Thank you to Penguin Group Viking, Pamela Dorman Books and NetGalley for providing an advance copy of this book in exchange for my honest review. The book will be published on June 7th, 2022.

Racing the Light by Robert Crais (Action / Mystery)

Elvis is back! Well, Elvis Cole that is — sorry — couldn’t help myself! Cole and his quiet (but definitely-the-guy-you-want-to-have-your-back) partner, Joe Pike, help an old woman find her missing adult son, Josh. But it’s not just any old woman and not just any missing son. Adele Schumacher pays in cash, doesn’t trust phones, and talks about conspiracies and aliens as obvious facts. She has a couple of very buff “helpers” who follow her everywhere. And Josh is the controversial podcaster of In Your Face with Josh Shoe (with a listenership of approximately 20 people).

Laugh out loud funny, with plenty of action (the good kind where a lot happens and it happens quickly but we don’t have to suffer through long car chases or drawn out battles — ugh) and plenty of colorful characters. A fast and thoroughly enjoyable read. This is book 19 but you can really start anywhere — a few references to previous cases but nothing problematic.

Thank you to G.P Putnam’s Sons and NetGalley for providing an advance copy of this book in exchange for my honest review. The book will be published on Nov 1st, 2022.

Booth by Karen Joy Fowler (Fictionalized History)

Writing: 4/5 Characters: 4.5/5 Plot: 4/5

What an unusual book. It is a fictionalized history of the Booth family from 1822 to 1865 when its most infamous member — John Wilkes — shot Abraham Lincoln. John Wilkes is kept as an important but minor character throughout until his action at the end tears everything apart. The story is told from the perspective of three of his siblings: “poor” Rosalie, the eldest daughter who remains a spinster family caretaker for life; Edwin, who becomes the leading tragedian of the 19th century; and Asia, the youngest daughter and eventual poet and writer.

Fowler is a fantastic writer — every book she writes is completely different and spans topics and genres easily. In this — her first fictionalized history — she brings the place and time to life in incredible physical, political, and every day life detail. Following their lives in rural Maryland, Baltimore, and later Philadelphia, New York, and then California (including a harrowing description of the trip across the 40-mile Panamanian isthmus, pre-canal) we are immersed in the attitudes and experiences of a very different time.

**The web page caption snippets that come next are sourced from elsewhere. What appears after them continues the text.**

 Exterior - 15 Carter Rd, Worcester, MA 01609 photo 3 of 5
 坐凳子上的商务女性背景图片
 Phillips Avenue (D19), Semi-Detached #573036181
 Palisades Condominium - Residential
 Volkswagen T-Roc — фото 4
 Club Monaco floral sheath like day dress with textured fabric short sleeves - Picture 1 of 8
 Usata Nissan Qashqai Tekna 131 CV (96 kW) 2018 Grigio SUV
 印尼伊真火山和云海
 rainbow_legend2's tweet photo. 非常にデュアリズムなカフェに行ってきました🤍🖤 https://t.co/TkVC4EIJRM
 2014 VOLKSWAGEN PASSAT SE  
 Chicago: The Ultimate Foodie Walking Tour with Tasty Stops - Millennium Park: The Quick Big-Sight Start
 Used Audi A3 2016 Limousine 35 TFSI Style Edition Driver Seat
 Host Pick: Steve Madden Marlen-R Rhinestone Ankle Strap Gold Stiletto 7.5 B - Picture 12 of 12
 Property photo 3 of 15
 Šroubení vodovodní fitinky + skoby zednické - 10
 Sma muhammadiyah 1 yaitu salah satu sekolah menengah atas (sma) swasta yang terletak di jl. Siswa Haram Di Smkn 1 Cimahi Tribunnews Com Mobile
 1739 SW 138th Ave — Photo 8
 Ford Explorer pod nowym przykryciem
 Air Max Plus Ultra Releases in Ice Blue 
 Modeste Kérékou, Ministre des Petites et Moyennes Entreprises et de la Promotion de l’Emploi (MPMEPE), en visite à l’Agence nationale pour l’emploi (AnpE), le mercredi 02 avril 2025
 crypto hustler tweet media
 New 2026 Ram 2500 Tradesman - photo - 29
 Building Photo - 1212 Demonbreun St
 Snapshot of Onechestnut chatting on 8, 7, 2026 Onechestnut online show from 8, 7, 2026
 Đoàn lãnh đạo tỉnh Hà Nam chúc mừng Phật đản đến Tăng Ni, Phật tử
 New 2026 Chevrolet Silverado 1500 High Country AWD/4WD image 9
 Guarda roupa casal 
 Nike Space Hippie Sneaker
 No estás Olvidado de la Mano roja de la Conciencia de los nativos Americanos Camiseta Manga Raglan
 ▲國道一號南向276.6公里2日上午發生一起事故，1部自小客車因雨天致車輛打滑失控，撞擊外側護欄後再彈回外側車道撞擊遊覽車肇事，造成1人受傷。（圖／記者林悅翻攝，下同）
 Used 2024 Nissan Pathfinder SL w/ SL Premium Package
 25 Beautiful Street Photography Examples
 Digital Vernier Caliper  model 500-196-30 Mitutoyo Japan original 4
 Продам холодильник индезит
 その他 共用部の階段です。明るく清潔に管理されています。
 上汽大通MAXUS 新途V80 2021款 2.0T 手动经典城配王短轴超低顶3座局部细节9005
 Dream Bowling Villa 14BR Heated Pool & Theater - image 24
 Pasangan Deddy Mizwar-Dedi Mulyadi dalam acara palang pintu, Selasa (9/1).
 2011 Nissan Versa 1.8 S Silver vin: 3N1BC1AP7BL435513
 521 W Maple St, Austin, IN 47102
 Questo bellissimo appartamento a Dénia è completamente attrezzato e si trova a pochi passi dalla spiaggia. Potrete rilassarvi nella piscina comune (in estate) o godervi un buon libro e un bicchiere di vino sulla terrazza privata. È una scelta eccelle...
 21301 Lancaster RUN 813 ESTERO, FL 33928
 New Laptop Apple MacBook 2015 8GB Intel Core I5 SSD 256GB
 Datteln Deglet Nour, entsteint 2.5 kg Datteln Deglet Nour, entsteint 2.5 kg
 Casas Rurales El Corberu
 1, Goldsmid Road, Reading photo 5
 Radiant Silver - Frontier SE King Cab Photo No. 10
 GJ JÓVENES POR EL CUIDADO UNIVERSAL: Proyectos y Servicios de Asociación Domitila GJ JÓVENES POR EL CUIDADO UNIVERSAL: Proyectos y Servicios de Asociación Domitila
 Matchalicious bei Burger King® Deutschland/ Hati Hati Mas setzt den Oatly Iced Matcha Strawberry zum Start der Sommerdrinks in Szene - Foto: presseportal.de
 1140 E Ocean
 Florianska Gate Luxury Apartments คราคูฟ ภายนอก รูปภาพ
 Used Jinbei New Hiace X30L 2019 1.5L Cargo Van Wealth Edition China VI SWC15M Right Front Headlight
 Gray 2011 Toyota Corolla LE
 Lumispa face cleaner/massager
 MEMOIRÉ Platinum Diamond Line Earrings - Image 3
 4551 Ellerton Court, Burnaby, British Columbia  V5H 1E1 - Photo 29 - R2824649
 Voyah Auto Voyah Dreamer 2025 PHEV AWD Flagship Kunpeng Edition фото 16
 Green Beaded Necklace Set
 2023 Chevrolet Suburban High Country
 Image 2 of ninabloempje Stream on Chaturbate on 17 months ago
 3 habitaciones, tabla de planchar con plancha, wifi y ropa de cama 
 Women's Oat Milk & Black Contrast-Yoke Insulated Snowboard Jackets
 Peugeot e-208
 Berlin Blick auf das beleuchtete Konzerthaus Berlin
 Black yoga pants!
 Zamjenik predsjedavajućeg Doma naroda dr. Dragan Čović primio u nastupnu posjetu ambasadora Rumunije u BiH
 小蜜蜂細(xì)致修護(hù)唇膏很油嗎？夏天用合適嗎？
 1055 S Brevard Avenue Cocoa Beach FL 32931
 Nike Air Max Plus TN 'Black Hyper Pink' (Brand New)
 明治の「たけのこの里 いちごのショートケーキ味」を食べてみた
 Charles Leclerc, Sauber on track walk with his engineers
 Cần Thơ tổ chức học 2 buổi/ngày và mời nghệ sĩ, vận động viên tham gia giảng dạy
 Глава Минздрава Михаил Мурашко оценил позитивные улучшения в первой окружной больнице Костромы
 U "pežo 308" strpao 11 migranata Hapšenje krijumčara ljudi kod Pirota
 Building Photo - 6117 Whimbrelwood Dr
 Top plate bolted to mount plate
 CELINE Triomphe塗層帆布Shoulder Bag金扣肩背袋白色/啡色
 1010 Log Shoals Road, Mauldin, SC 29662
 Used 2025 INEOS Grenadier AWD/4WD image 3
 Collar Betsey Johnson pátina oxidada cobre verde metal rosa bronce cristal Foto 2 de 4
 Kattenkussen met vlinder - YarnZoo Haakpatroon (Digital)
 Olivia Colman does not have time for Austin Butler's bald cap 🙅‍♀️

Fowler doesn’t modernize sentiments — we are treated to multiple attitudes towards women, immigrants, and slavery. Having read a lot about the time period, I found them to be accurate and comprehensive. As examples, the family’s patriarch — Junius Brutus Booth (a famous Shakespearean actor of the time) — didn’t like slavery but had two slaves; John Wilkes declaimed frequently on the value of slavery and the tyranny of the North; and various speeches (including Lincoln’s, Douglas’ and others) offer additional viewpoints.

I had to keep remembering I was reading a book which while novel-like had to adhere to actual history so while some details seemed extraneous to the plot, they were not extraneous to the lives of those living through them. For me it was a bit of a slow start — I let myself be unhappy that I was having to read a book about someone I did not want to know more about and of course, knowing what happens at the end, I had a kind of dread creeping up on me. However, if you can avoid the kinds of destructive thoughts I was having, it really is gripping reading, and the assassination and aftermath actually takes up a very small part of the end of the book.

Thank you to Penguin Group Putnam and NetGalley for providing an advance copy of this book in exchange for my honest review. The book will be published on March 8th, 2022.